Workbench Stuck Provisioning

I've created a Vertex AI workbench and done some work, installed python libraries, run my model training, etc. But after the second or third startup the system gets stuck "Provisioning". This has happened to me 3 times now where each time i've setup a new workbench and then after a few startups it can no longer boot and gets stuck at "Provisioning".
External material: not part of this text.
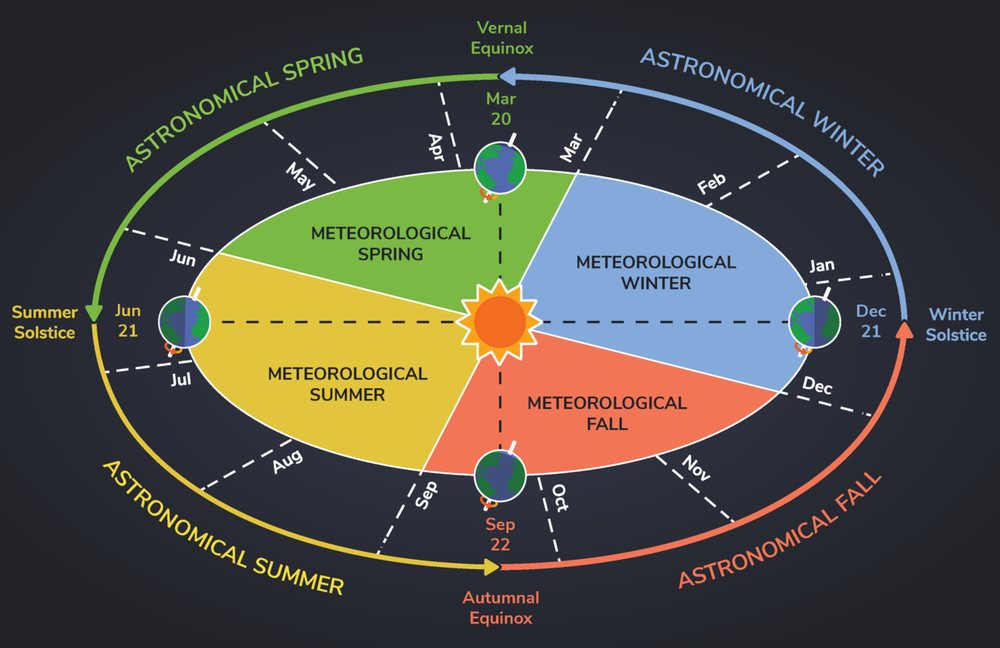 Diagram of Earth's orbit around the Sun, with the four Northern Hemisphere seasons shaded and the March and September equinoxes and June and December solstices labeled.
In the Health tab the System Health Status says Unhealthy but all of the other statuses show Healthy. Checking the logs, this is the only error I've found. But I haven't changed the configuration of the workbench since I started it. Also the principle does have permissions for compute admin (v1) and compute admin roles. So I don't understand why this is breaking.

 

 

 

{
  "protoPayload": {
    "@type": "type.googleapis.com/google.cloud.audit.AuditLog",
    "status": {
      "code": 7,
      "message": "Required 'Current principal doesn't have permission to mutate this resource!' permission for '[INSTANCE-NAME-REDACTED]'"
    },
    "authenticationInfo": {
      "principalEmail": "-----------------------------@---------------com",
      "serviceAccountDelegationInfo": [
        {
          "firstPartyPrincipal": {
            "principalEmail": "service----------------@--------------com"
          }
        }
      ],
      "principalSubject": "serviceAccount:------------------------------@---------------com"
    },
    "requestMetadata": {
      "callerIp": "##.##.###.###",
      "callerSuppliedUserAgent": "google-cloud-sdk gcloud/469.0.0 command/gcloud.compute.instances.remove-metadata invocation-id/####################### environment/GCE environment-version/None client-os/LINUX client-os-ver/5.10.0 client-pltf-arch/x86_64 interactive/False from-script/True python/3.11.8 term/ (Linux 5.10.0-28-cloud-amd64),gzip(gfe)",
      "callerNetwork": "//############com/projects/-----------------------------/global/networks/__unknown__",
      "requestAttributes": {
        "time": "2024-04-11T21:21:11.897314Z",
        "auth": {}
      },
      "destinationAttributes": {}
    },
    "serviceName": "############com",
    "methodName": "v1.compute.instances.setMetadata",
    "authorizationInfo": [
      {
        "resource": "projects/-----------------------------/zones/us-west1-a/instances/[INSTANCE-NAME-REDACTED]",
        "permission": "compute.instances.setMetadata",
        "granted": true,
        "resourceAttributes": {
          "service": "compute",
          "name": "projects/-----------------------------/zones/us-west1-a/instances/[INSTANCE-NAME-REDACTED]",
          "type": "compute.instances"
        }
      }
    ],
    "resourceName": "projects/-----------------------------/zones/us-west1-a/instances/[INSTANCE-NAME-REDACTED]",
    "request": {
      "@type": "type.googleapis.com/compute.instances.setMetadata"
    },
    "response": {
      "error": {
        "errors": [
          {
            "domain": "global",
            "reason": "forbidden",
            "message": "Required 'Current principal doesn't have permission to mutate this resource!' permission for '[INSTANCE-NAME-REDACTED]'"
          }
        ],
        "code": 403,
        "message": "Required 'Current principal doesn't have permission to mutate this resource!' permission for '[INSTANCE-NAME-REDACTED]'"
      },
      "@type": "##########com/error"
    },
    "resourceLocation": {
      "currentLocations": [
        "us-west1-a"
      ]
    }
  },
  "insertId": "-###########",
  "resource": {
    "type": "gce_instance",
    "labels": {
      "instance_id": "##################",
      "zone": "us-west1-a",
      "project_id": "-----------------------------"
    }
  },
  "timestamp": "2024-04-11T21:21:11.514971Z",
  "severity": "ERROR",
  "labels": {
    "############com/root_trigger_id": "######################################"
  },
  "logName": "projects/-----------------------------/logs/############com%2Factivity",
  "receiveTimestamp": "2024-04-11T21:21:12.788839353Z"
}

 

 

 

3 2 136
2 REPLIES 2

The issue you're experiencing with the Vertex AI Workbench getting stuck at "Provisioning" and showing "Unhealthy" in the System Health Status tab is likely related to insufficient permissions. The error message indicates that the current principal does not have the required permission to mutate the resource.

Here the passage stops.